(kontrofersi 26)
Biasanya seorang yang melakukan perbuatan syar (jahat) mendapat dosa. Sesungguhnya kaedah iti masih bersifat umum. Artinya masih ada pengecualiannya. Dalam sebuah hadits shohih disebutkan bahwa ada satu perbuatan syar (jahat) yang mendapat pahala :
عن أبي هريرة رَضِيَ اللَّهُ قال رَسُول اللَّهِ صَلَّى اللَّهُ عَلَيهِ وَسَلَّم خير صفوف الرجال أولها وشرها آخرها وخير صفوف النساء آخرها وشرها أولها
Dari Abu Huroiroh rodliyallohu anhu, bersabda rosululloh shollallohu alaihi wasallam : Sebaik-baik shof bagi laki-laki adalah yang terdepan dan seburuk-seburuk baginya adalah yang paling belakang. Sebaik-baik shof bagi wanita adalah paling belakang dan seburuk-buruk baginya adalah yang paling belakang [HR Muslim]
Kata-kata seburuk-buruk di sini, bukan berarti yang bersangkutan mendapat dosa. Kedudukan laki-laki yang berada di shof belakang tetap lebih baik daripada manusia yang menunaikan sholat di rumah. Mereka juga berhak mendapat kelipatan 27 atau 25 pahala dari sholat yang ditunaikannya di masjid bersama imam. Kalau bergitu apa yang dimaksud dengan kata “ Seburuk-buruk “ ?
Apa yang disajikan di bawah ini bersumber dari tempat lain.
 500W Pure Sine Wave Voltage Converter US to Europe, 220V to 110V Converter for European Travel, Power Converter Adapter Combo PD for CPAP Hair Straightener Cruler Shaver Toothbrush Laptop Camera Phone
Imam Nawawi berkata : yang dimaksud dengan seburuk-buruk shof bagi laki-laki dan perempuan adalah : paling sedikit pahala dan keutamaannya dan paling jauh dari tuntutan syar’i. Adapun maksud sebaik-baik shof adalah kebalikannya. Keutamaan shof paling belakang bagi wanita adalah karena jauhnya dari campur baur wanita dengan kaum lelaki. Demikian juga pandangan dan terpautnya hati saat melihat gerakan dan mendengar suara mereka.
Syaikh Mushthofa Albugho berkata : Sesungguhnya shof awal bagi kaum laki-laki lebih afdhol daripada yang di belakangnya dikarenakan kedekatannya dengan imam dan jauhnya dari kaum wanita yang membuka celah terlihatnya aurot dan fitnah. Keutamaan ini biasanya tidak terdapat pada orang yang berada di shof akhir. Adapun akhir shof bagi kaum wanita dinilai afdhol dikarenakan jauhnya mereka dari kaum lelaki yang terkadang menjerumuskan ke dalam fitnah. Kebaikan dan keburukan yang dimaksud oleh hadits adalah banyak dan sedikitnya pahala, bukan pada diterimanya dosa.